■ Brief
Output only the lines below from the one holding "Adam Thomas Praises" down to the one holding "FoodPackaging", both end lines included and every picture dropped.

■ Input
■ ■ ■
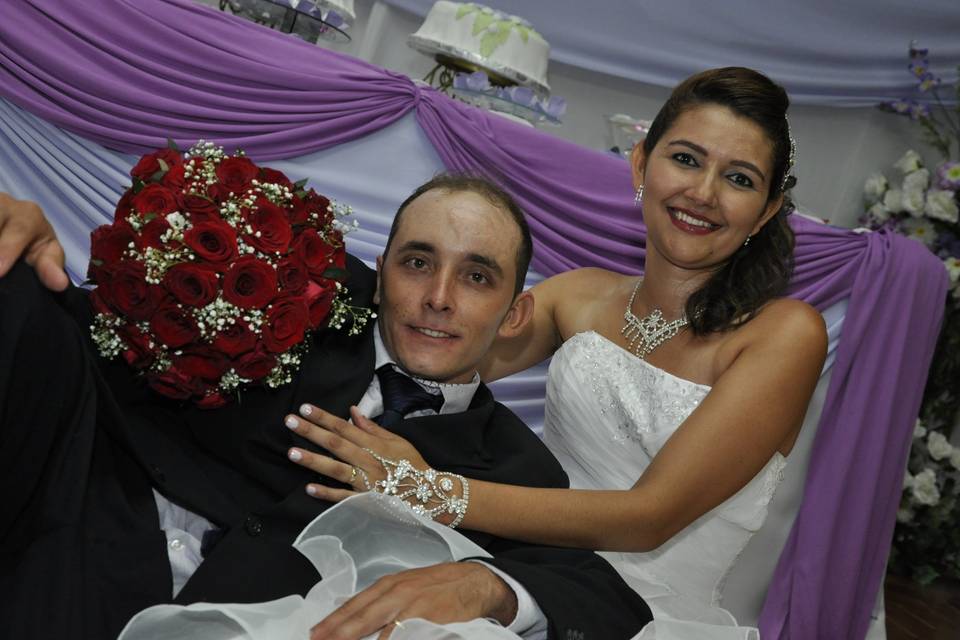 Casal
■ ■ ■
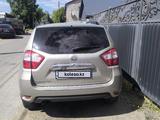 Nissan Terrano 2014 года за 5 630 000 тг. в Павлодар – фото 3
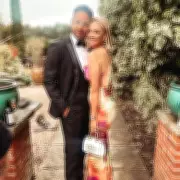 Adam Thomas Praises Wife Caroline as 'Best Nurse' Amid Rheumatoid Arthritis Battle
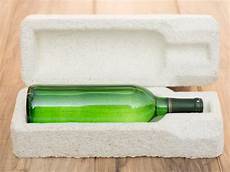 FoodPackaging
■ ■ ■
■ Your response
 Adam Thomas Praises Wife Caroline as 'Best Nurse' Amid Rheumatoid Arthritis Battle
 FoodPackaging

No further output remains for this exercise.